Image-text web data
§ §
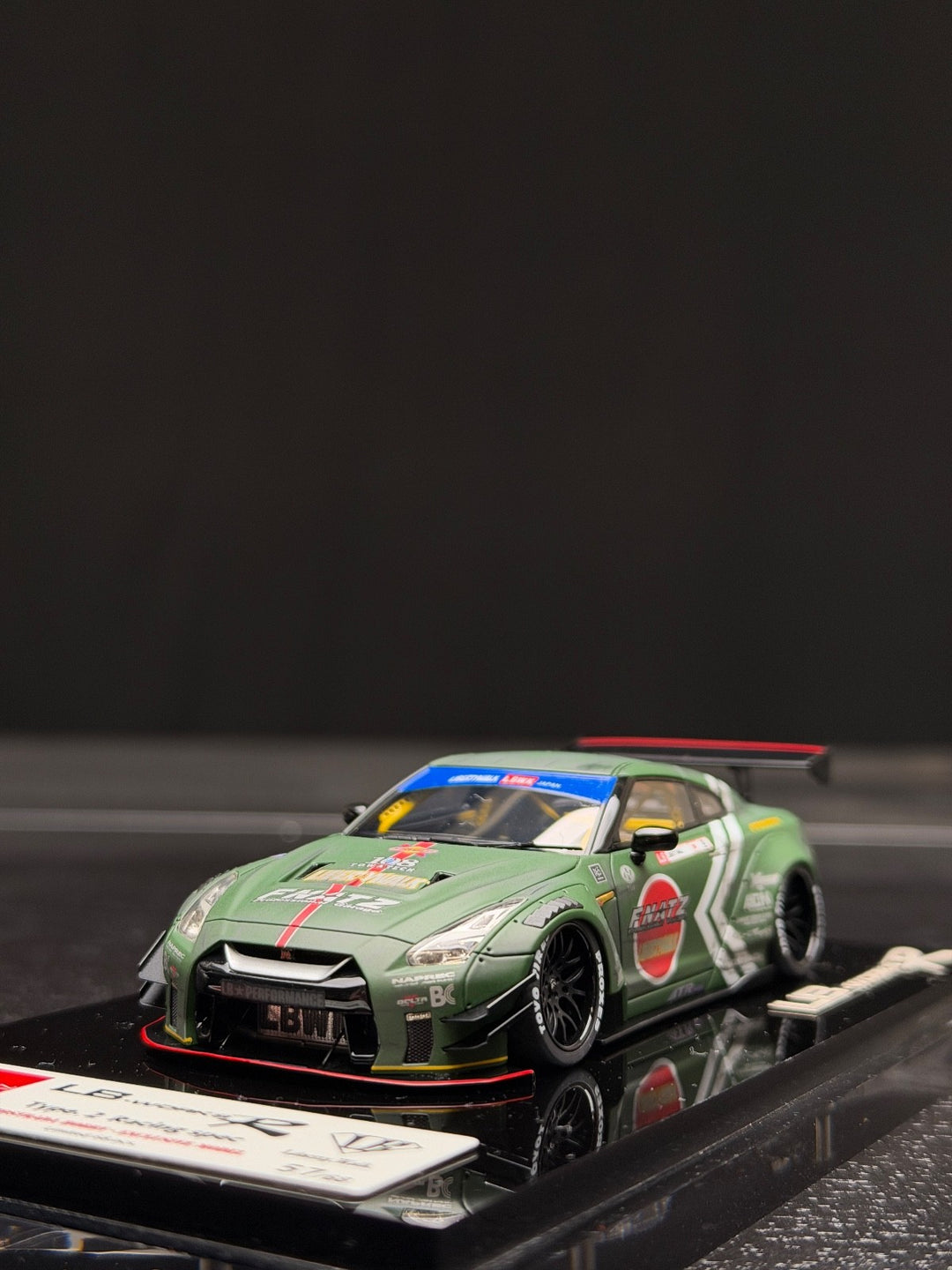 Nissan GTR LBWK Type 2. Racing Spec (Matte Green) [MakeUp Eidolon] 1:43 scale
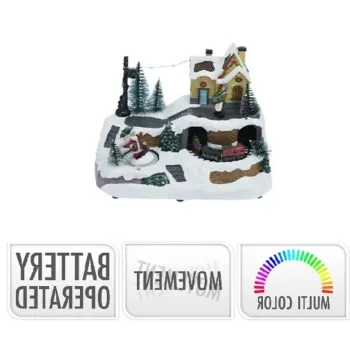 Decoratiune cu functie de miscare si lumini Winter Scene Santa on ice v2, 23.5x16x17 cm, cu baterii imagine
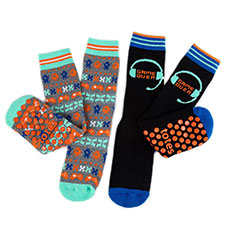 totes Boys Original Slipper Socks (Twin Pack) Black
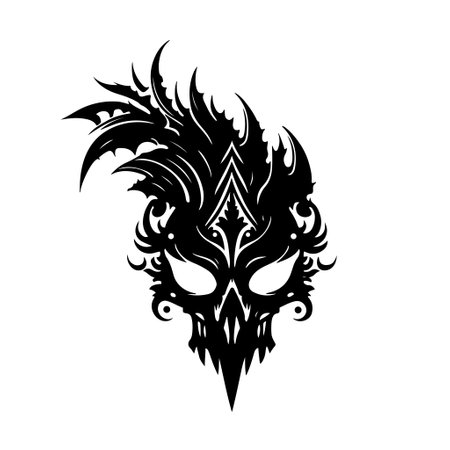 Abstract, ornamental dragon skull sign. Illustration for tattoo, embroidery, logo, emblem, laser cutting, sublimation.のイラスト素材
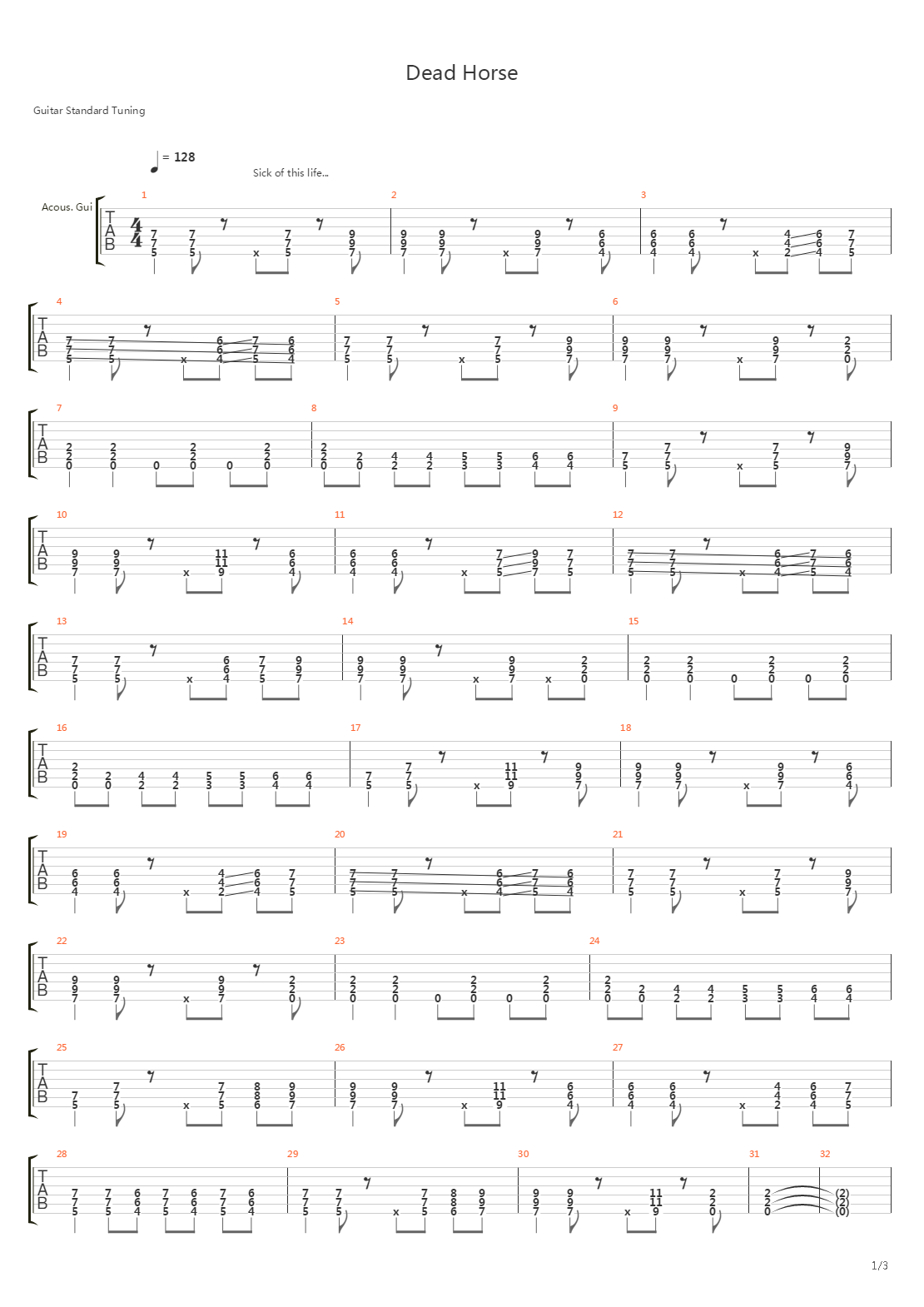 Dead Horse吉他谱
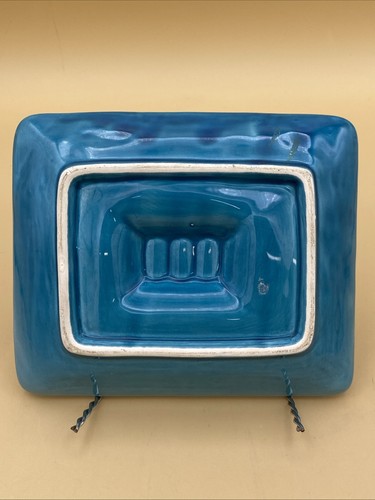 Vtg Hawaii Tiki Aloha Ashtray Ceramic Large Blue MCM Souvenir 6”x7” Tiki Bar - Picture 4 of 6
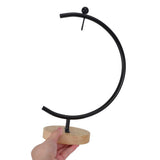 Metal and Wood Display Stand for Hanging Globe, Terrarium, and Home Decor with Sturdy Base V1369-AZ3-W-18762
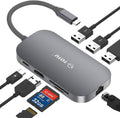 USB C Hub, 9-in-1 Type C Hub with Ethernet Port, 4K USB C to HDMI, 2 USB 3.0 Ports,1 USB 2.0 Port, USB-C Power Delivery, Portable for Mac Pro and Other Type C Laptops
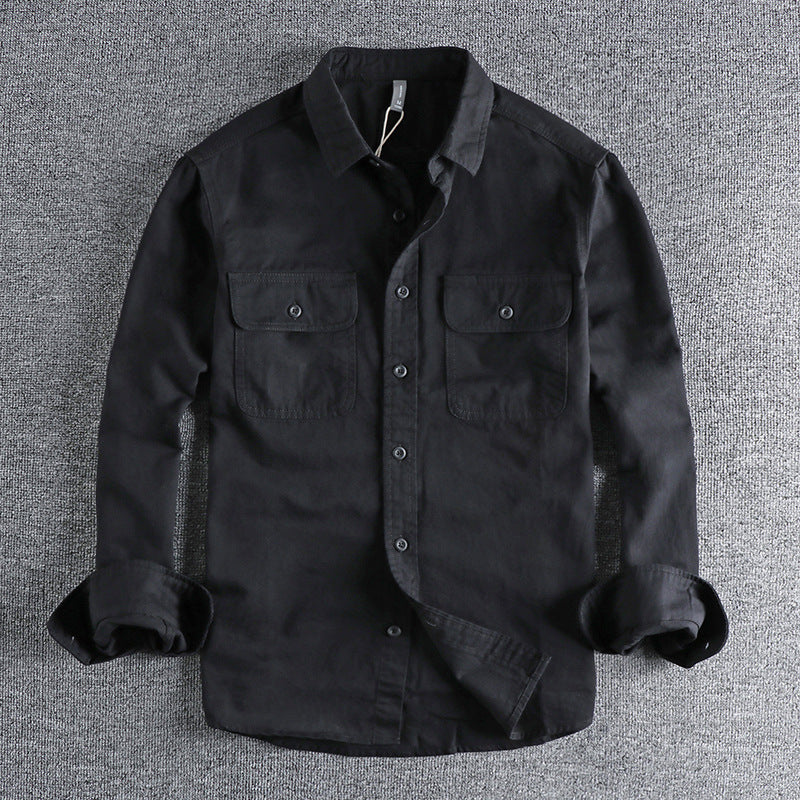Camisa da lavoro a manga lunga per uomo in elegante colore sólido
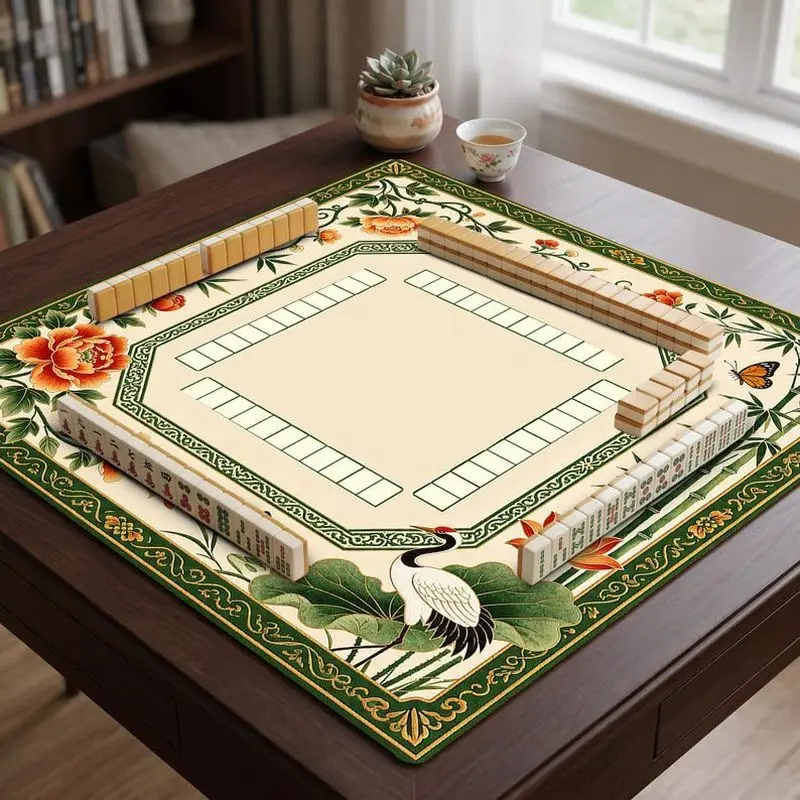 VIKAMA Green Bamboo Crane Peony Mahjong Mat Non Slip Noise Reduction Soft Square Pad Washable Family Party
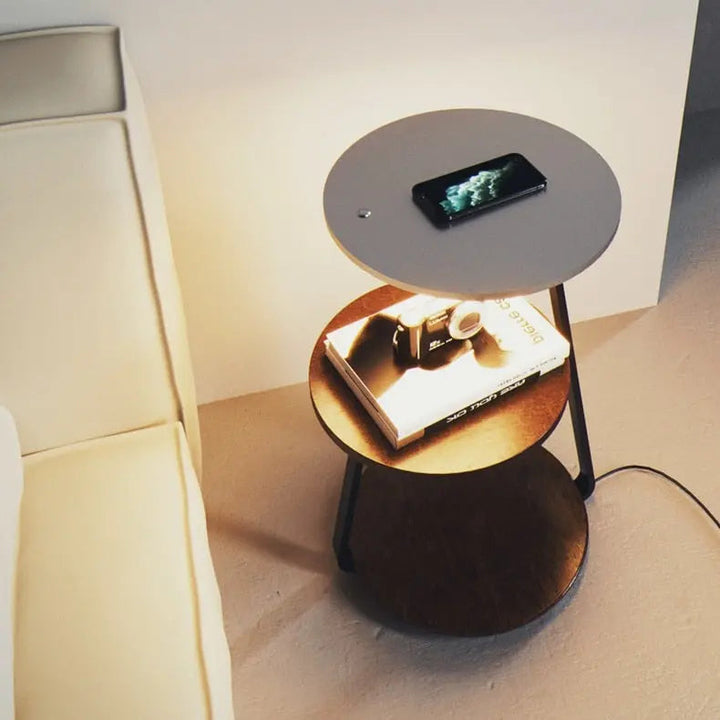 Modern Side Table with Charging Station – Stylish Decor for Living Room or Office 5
§ §
Your copy should hold exactly the lines from the one that contains "Camisa da lavoro" through the final line of the data, both ends included, and no pictures.

EXPECTED OUTPUT:
Camisa da lavoro a manga lunga per uomo in elegante colore sólido
 VIKAMA Green Bamboo Crane Peony Mahjong Mat Non Slip Noise Reduction Soft Square Pad Washable Family Party
 Modern Side Table with Charging Station – Stylish Decor for Living Room or Office 5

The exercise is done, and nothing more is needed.